Meeting with General Eisenhower in Brussels, General Bernard Law Montgomery, who had distinguished himself in the Italian campaign, drew up a new scheme to bring the war to Germany itself, through the generous use of the Allied parachutists who had not seen action since D-Day. The Allied 1st Airborne included the US 101st Airborne, the US 82nd Airborne, a Polish brigade, and the Israeli Trumpledor Regiment. The plan called for the Allied 1st Airborne to sieze a series of bridges and canals after landing along a highway connecting the Dutch cities of Eindoheven, Nijmegan and Arnhem. This was the phase of the venture called Market. Phase Garden called for the South African, Israeli, and British armored forces to drive through this passageway 99 miles to the Zuider Zee, the wheel around to the east, outflanking the West Wall, and go on to seize the Ruhr.

It was a very bold proposal. Eisenhower, itching to use the airborne reserves, approved it. September 17 was the jump-off date. With the Schelde Estuary already cleared, things would go much smoother.

The landings were a success, although intense resistance from the 9th SS Panzer Division was harsher than expected. The Trumpledor Brigade proved instrumental to the Americans in seizing the bridge over the Waal. Israeli and South African tanks soon led the way in the Commonwealth attack, with Maurice Rose at the healm. The 9th SS put up a stuborn fight, but it was nothing the victor of El Agheila coulnd't handle. Clearing the new corridor, the Commonwealth forces had managed to clear their objectives. The operation, feared by some Allied strategists as too risky, gave the Allies the Ruhr. Germany's industrial heartland was now in Allied hands.

Sepp Dietrich and Walther Model both commited suicide over their failures. Hitler collapsed on the floor of his bunker in utter agony. "The war is lost!" This was the first time he had uttered those words. Jews had smashed through some of the best of the Whermacht. Jews!

Adolf Hitler, for the rest of the war, remained huddled in his bunker, steadily losing touch with reality. Occasionaly ranting at aids for imaginary offenses, and more than often starring into space glassy eyed, Hitler began to lose all control of his basic functions.

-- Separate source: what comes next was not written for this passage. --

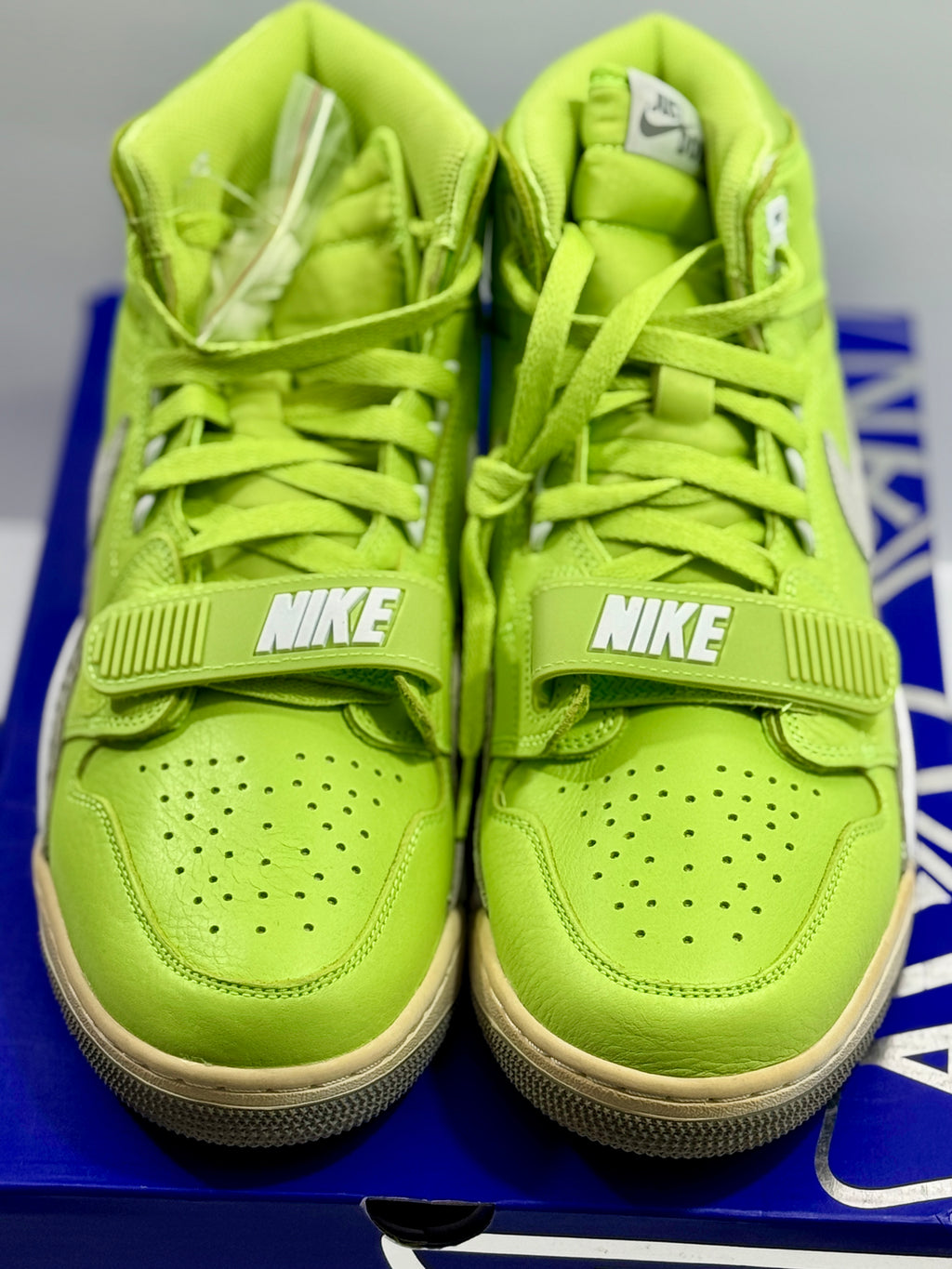 NEW W/DEFECTS SIZE 10.5 MENS - AIR JORDAN LEGACY 312 NRG "GHOST GREEN" 2018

Germany had been utterly sapped by this latest setback. The fall of the Ruhr was confunded as Allied troops managed to seize the city of Aachen. The bell was rapidly tolling on all fronts. In the east, the Russians were in Warsaw and marching into East Prussia. In the Balkans, the Yugoslavs were laying seige to the German troops still encamped with their Croat allies. The IDF had driven the Germans, with the aid of the British and the Israeli Navy, out of the Dodencanese Islands, and off of Crete. With their landing in Athens, the Germans simply melted away, except for the fanatical Nazis who stayed to get butchered by the Israelis. General Alexander had cleared the Brenner Pass, and was on the road to Innsbruck. Everything was rapidly falling apart.

With the Ruhr secured, and with supplies flowing from Antwerp uninterupted, the Allies began moving deeper into Germany. The Remegan Bridge was seized, and the entire Rhineland was soon lost. Israeli troops took personal joy in ransacking the home where Joseph Goebeles had grown up. Cologne fell. Frankfurt fell. Stuttgart fell. Rotterdam fell. Kassel fell. Amsterdam fell.

By mid-October, Innsbruck had fallen, and Commonwealth forces were on their way towards Salzburg. Numberless Allied soldiers were crossing the Rhein into the German heartland.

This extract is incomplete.